» **Work required**
Give the data again exactly, without images.

[Scraped caption text data]
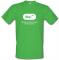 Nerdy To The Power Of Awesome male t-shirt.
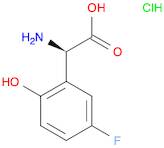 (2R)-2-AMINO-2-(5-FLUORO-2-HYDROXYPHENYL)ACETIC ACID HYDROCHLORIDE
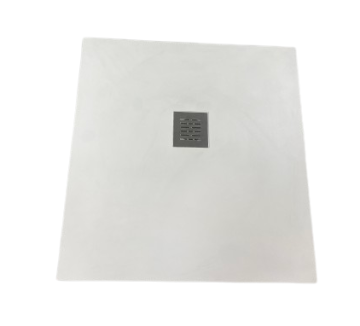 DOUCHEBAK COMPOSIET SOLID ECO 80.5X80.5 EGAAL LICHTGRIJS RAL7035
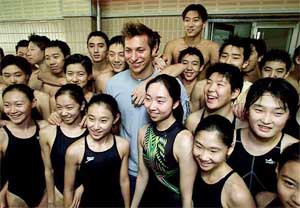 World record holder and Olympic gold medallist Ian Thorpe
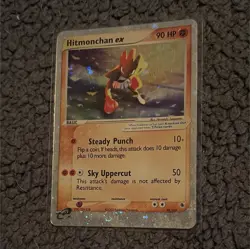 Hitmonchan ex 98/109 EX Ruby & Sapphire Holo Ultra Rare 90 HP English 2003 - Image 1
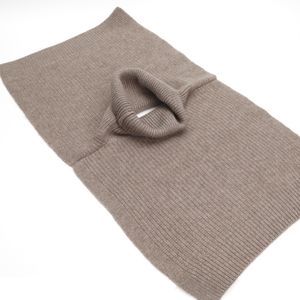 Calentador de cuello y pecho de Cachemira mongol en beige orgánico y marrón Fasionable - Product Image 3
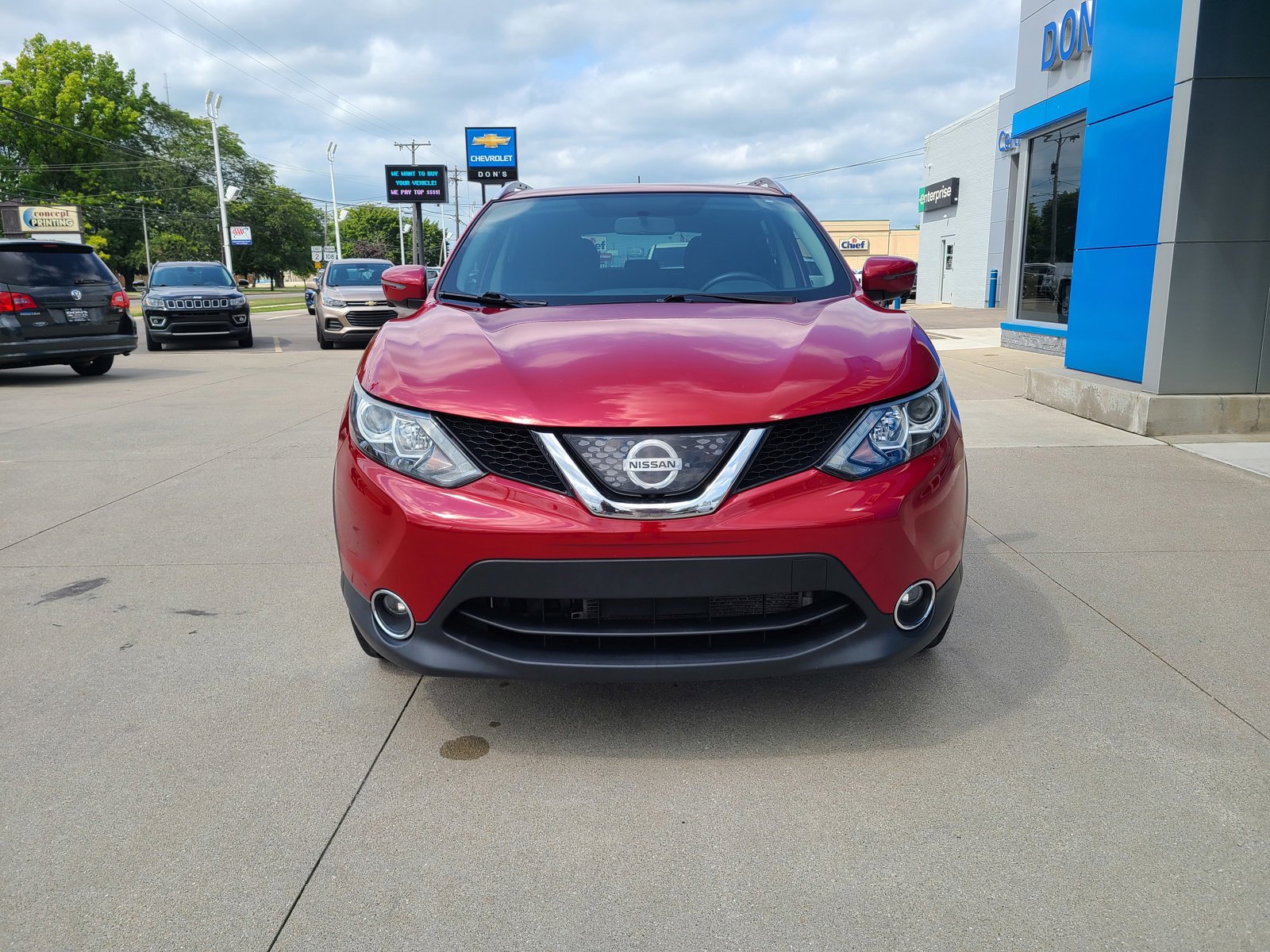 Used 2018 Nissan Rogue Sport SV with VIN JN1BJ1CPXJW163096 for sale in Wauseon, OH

» **Response**
 Nerdy To The Power Of Awesome male t-shirt.
 (2R)-2-AMINO-2-(5-FLUORO-2-HYDROXYPHENYL)ACETIC ACID HYDROCHLORIDE
 DOUCHEBAK COMPOSIET SOLID ECO 80.5X80.5 EGAAL LICHTGRIJS RAL7035
 World record holder and Olympic gold medallist Ian Thorpe
 Hitmonchan ex 98/109 EX Ruby & Sapphire Holo Ultra Rare 90 HP English 2003 - Image 1
 Calentador de cuello y pecho de Cachemira mongol en beige orgánico y marrón Fasionable - Product Image 3
 Used 2018 Nissan Rogue Sport SV with VIN JN1BJ1CPXJW163096 for sale in Wauseon, OH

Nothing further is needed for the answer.